>>>

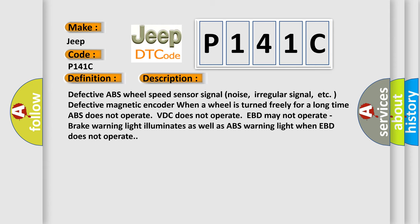Defective ABS wheel speed sensor. Defective magnetic encoder. When a wheel is turned freely for a long time, ABS does not operate, VDC does not operate, EBD may not operate. Brake warning light illuminates, as well as ABS warning light when EBD does not operate.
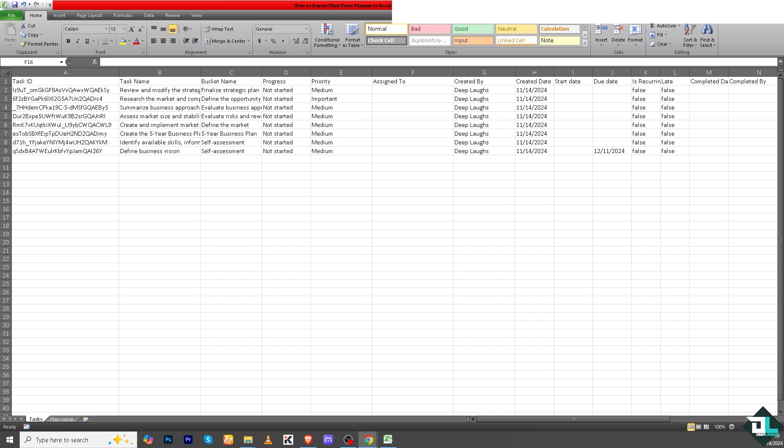Excel files can be imported into other project management or reporting tools, making it easier to integrate Planner data into workflows or data systems. Exporting Microsoft Planner data to Excel gives you greater control and flexibility, helping teams to maximize their data's usefulness and apply it effectively.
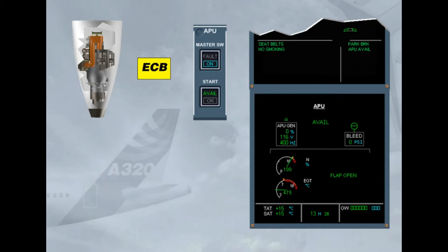The ECB initiates a normal shutdown when the master switch is set to OFF. Note: according to the version, an APU cool down period may be initiated after the closure of the APU bleed valve.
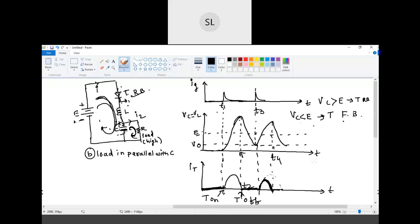Today we have discussed two commutation techniques: class A commutation which is load commutation, and class F commutation which is natural commutation. Class F is called natural commutation because the source voltage is AC — the reversal of supply voltage and reduction of current to zero occur naturally. In class A commutation, when the source voltage is DC, we use extra components — inductor and capacitor — so the circuit resonates, creates oscillations, and achieves the reversal and current reduction needed to turn off the thyristor. In the next session we will discuss class B, C, D, and E commutation techniques.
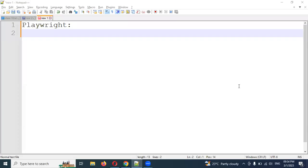Hi, my name is Lokej. Welcome to our CS technology channel.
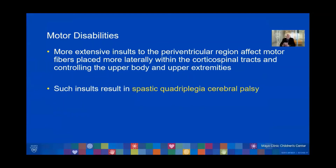More extensive insults to the periventricular region affect motor fibers placed more laterally within the corticospinal tracts, controlling the upper body and upper extremities. Such insults result in spastic quadriplegia and cerebral palsy.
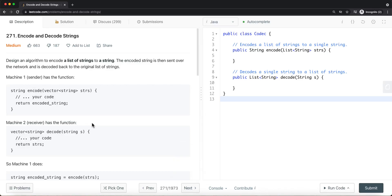In this video, we're going to take a look at a legal problem called encode and decode strings. The goal is to design an algorithm to encode a list of strings into a single string.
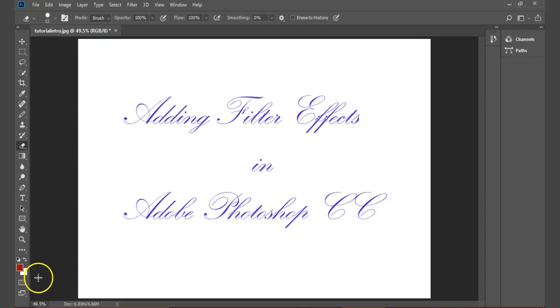In this tutorial, we discussed techniques to add filter effects to a photograph in Adobe Photoshop CC.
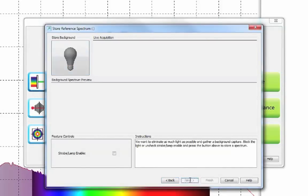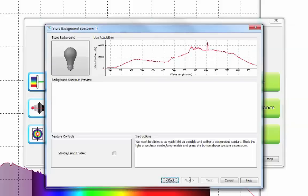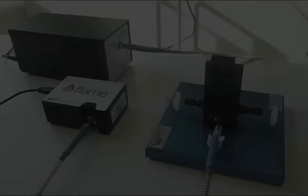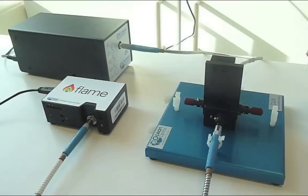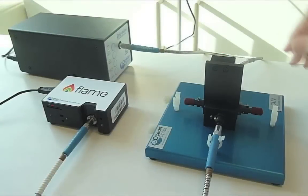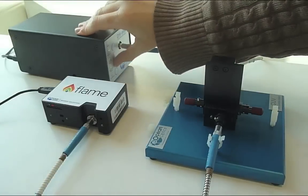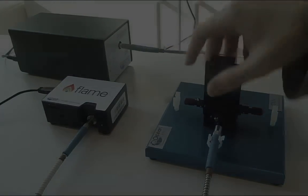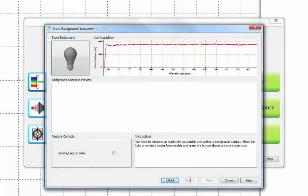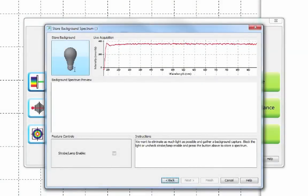Next you will be asked to take a dark. This requires you to stop any light from getting to the spectrometer. The easiest way to do this is by using the shutter on your light source. Click the grey bulb in order to take your dark.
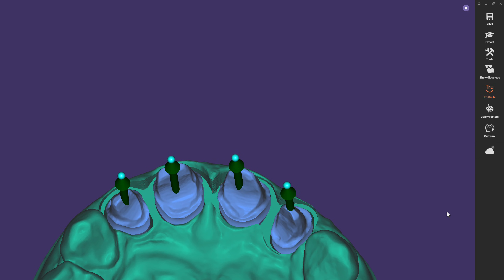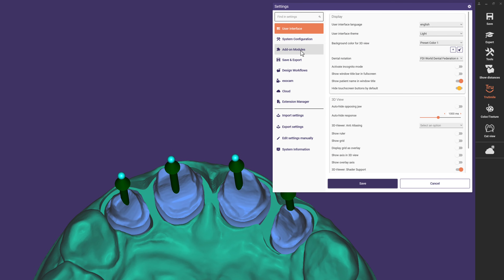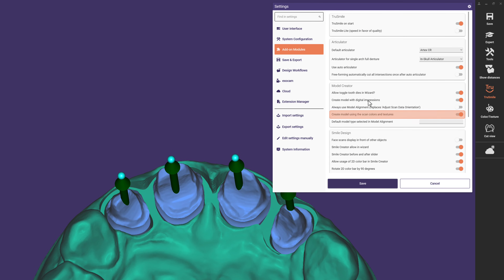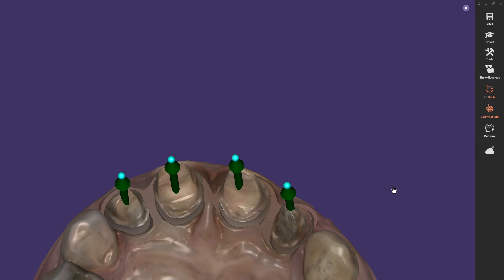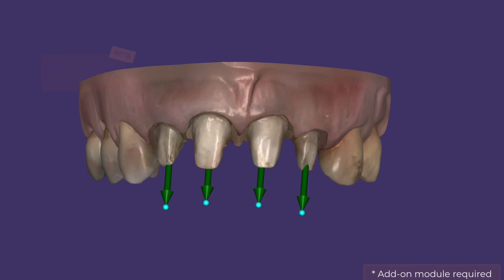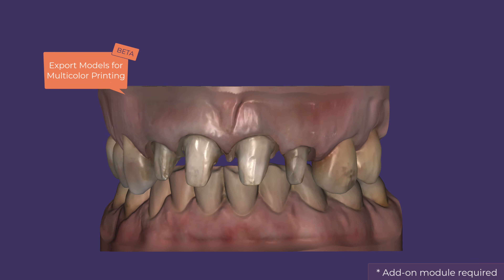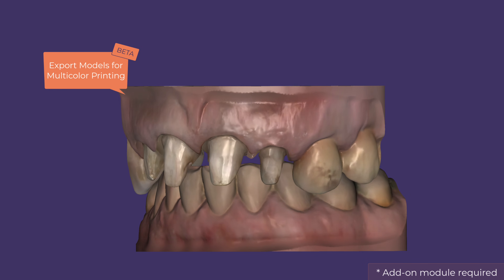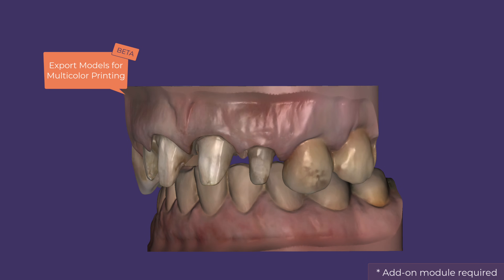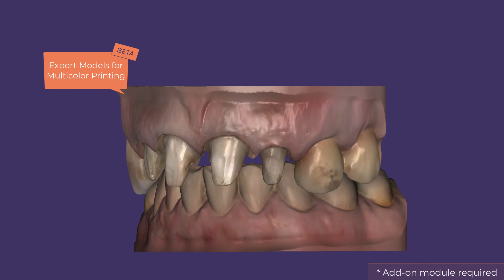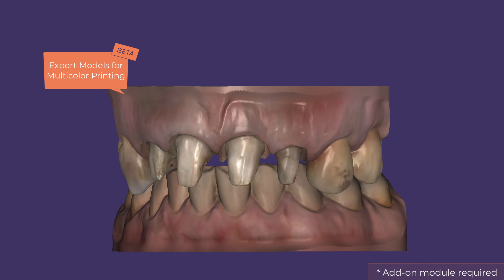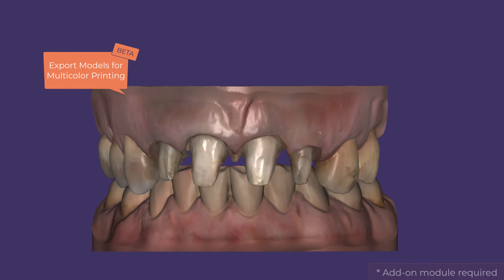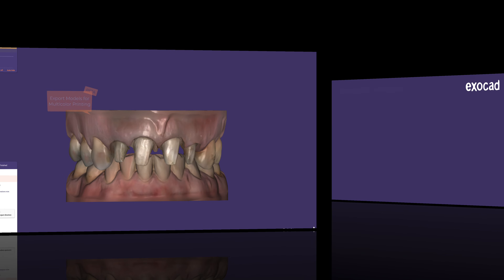Last but not least, if you want to include scan color and texture in the model, you can now activate a new beta feature to export colored models with optimized parameters for multicolor printing. This helps you improve communication by printing more realistic models.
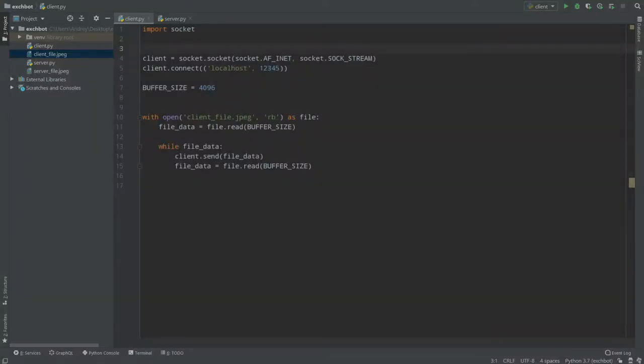Hello everyone, today we continue learning Python. I'll show you how to process an image on the socket server and send it back to the client. So let's start.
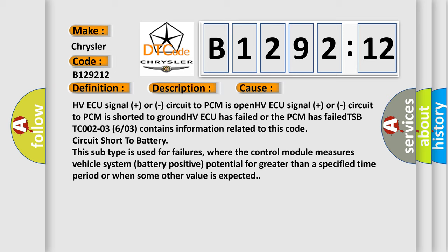This subtype TSBTC 002-03-06/03 contains information related to this code: circuit short to battery. This subtype is used for failures where the control module measures vehicle system battery positive potential for greater than a specified time period or when some other value is expected.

<<<

About this exercise:
Leave the pictures out and repeat exactly the lines from the beginning of the records to the line bearing "In this video, we're", both ends counted.

Solution for this problem:
Defective ABS wheel speed sensor. Defective magnetic encoder. When a wheel is turned freely for a long time, ABS does not operate, VDC does not operate, EBD may not operate. Brake warning light illuminates, as well as ABS warning light when EBD does not operate.
Excel files can be imported into other project management or reporting tools, making it easier to integrate Planner data into workflows or data systems. Exporting Microsoft Planner data to Excel gives you greater control and flexibility, helping teams to maximize their data's usefulness and apply it effectively.
The ECB initiates a normal shutdown when the master switch is set to OFF. Note: according to the version, an APU cool down period may be initiated after the closure of the APU bleed valve.
Today we have discussed two commutation techniques: class A commutation which is load commutation, and class F commutation which is natural commutation. Class F is called natural commutation because the source voltage is AC — the reversal of supply voltage and reduction of current to zero occur naturally. In class A commutation, when the source voltage is DC, we use extra components — inductor and capacitor — so the circuit resonates, creates oscillations, and achieves the reversal and current reduction needed to turn off the thyristor. In the next session we will discuss class B, C, D, and E commutation techniques.
Hi, my name is Lokej. Welcome to our CS technology channel.
More extensive insults to the periventricular region affect motor fibers placed more laterally within the corticospinal tracts, controlling the upper body and upper extremities. Such insults result in spastic quadriplegia and cerebral palsy.
In this video, we're going to take a look at a legal problem called encode and decode strings. The goal is to design an algorithm to encode a list of strings into a single string.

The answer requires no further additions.